PAX, Procrastination, Persistence, and Plans

Despite missing last week’s devlog update, I don’t have a whole lot of substantial progress to talk about this week. I was at PAX Prime over the weekend (just for fun—Minor Key Games wasn’t showing anything there), and my work focus has remained somewhat disrupted since I got back.

Most of my schedule was planned around the approximately two dozen levels in NEON STRUCT—which is also why many of my previous updates have been level-centric—but I have a modest backlog of tech and gameplay tasks to tackle as well. For months, I had been putting off that work to focus on the fun parts of level building. But since returning from Seattle, I’ve found it difficult to get excited about building levels, so I decided to revisit those overdue tasks.

As the primary developer on NEON STRUCT, it doesn’t really matter what order I do my tasks in. It all has to get done for the game to be finished. And I’m constantly busy, so there are no “pipeline stalls” even if one task is blocked by some other task. With this perspective, “procrastination” isn’t necessarily a bad thing. As I mentioned last month, periodic task switching keeps me energized and allows more time for me to reflect on the needs of a particular level or feature before continuing with its implementation.

At my last job, I often quoted Joel Spolsky’s “fire and motion” as a shorthand for, “You have to move forward a little bit, every day.” My progress this week has definitely been only moving forward a little bit, every day; but the little bits are adding up, and small progress is better than no progress at all.

One of these “little bits” is a non-combat enemy AI behavior. It is sometimes useful to have characters in stealth levels who regard the player as an enemy, but do not carry weapons or attack the player. When they discover the player, they will flee and alert other AIs in the vicinity.

This feature primarily depended on a new A* path search mode. My existing modes included a basic path search (where the heuristic minimizes distance to a destination) and a wander mode (where the heuristic is constant and the path expands randomly until a given distance is reached). In order to make characters run away from the player or any other entity, I added a flee mode (in which the heuristic maximizes distance from the target, up to a given distance).

The rest of the implementation was just small changes to the AI motion component (to periodically recheck the flee target’s location and repath if needed) and the character’s behavior tree to actually invoke the behavior.

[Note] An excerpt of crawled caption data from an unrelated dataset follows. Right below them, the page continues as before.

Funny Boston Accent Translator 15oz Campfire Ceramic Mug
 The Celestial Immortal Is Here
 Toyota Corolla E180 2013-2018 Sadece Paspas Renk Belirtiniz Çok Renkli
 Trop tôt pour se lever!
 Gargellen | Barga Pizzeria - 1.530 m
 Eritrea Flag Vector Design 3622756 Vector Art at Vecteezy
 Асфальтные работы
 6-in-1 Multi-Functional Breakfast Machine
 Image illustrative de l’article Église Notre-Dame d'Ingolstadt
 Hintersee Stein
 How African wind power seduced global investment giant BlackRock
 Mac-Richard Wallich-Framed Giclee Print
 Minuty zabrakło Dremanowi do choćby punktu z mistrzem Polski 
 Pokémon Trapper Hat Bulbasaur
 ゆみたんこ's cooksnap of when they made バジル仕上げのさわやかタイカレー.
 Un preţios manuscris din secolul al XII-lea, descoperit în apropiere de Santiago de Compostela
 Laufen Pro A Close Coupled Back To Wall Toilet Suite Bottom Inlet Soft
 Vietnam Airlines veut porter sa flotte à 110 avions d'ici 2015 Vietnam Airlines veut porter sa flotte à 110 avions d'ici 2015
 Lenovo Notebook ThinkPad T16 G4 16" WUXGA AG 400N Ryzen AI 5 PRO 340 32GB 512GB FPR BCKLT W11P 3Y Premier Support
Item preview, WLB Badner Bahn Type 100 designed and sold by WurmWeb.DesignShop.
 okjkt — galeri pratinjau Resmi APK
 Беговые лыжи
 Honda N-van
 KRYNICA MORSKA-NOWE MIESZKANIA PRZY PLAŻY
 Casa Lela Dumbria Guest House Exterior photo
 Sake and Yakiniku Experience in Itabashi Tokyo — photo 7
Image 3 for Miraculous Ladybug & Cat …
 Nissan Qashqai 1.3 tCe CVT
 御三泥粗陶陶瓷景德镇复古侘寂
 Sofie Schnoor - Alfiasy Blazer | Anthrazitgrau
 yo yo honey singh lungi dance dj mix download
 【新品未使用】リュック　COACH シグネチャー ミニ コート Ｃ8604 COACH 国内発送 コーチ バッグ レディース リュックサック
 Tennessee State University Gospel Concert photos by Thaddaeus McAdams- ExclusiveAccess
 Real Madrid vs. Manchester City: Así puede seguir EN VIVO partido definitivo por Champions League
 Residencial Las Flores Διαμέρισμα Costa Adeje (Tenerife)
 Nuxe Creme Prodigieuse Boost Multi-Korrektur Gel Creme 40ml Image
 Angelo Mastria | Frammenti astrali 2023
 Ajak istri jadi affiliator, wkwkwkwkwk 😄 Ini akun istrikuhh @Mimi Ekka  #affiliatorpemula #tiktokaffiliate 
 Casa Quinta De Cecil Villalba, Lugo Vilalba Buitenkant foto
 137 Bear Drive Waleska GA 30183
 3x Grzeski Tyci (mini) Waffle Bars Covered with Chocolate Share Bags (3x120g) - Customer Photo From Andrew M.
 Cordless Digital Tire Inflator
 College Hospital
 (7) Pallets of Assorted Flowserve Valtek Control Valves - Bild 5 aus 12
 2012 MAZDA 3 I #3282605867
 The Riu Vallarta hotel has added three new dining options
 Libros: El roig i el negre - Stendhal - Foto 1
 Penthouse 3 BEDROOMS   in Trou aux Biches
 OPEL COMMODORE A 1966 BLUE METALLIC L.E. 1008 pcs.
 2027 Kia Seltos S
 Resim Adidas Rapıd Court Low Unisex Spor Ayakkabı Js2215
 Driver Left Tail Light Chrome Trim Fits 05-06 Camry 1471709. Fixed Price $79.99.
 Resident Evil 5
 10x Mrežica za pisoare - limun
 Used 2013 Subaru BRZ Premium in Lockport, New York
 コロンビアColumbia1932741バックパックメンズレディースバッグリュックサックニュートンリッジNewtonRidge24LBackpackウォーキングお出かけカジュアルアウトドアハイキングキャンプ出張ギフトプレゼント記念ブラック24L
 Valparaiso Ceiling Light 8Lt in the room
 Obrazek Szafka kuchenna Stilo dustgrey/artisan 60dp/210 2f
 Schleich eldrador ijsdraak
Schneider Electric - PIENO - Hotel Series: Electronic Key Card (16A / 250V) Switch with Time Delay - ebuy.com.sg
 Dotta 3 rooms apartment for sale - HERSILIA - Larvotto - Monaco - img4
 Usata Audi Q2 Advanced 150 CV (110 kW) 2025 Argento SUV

Another recent “little bit” is the addition of flying drones. They operate as a hybrid of non-combat characters and mobile security cameras. I already had a good chunk of AI flight code from Eldritch, and it took only a few tweaks to produce the desired motion for these drones. In Eldritch, flying enemies would always descend to the player’s level when attacking. In NEON STRUCT, that behavior looked strange; my expectation was that drones would hover some meters above their target, so I simply added a vertical offset.

As these and other little bits come online, I am contemplating putting together an IGF build. The timing of the IGF isn’t ideal for me—NEON STRUCT is only 30-40% finished, and what I would submit would be only a slice of the final game—but it provides an incentive to make a tighter, more polished playtest build than I might otherwise commit to.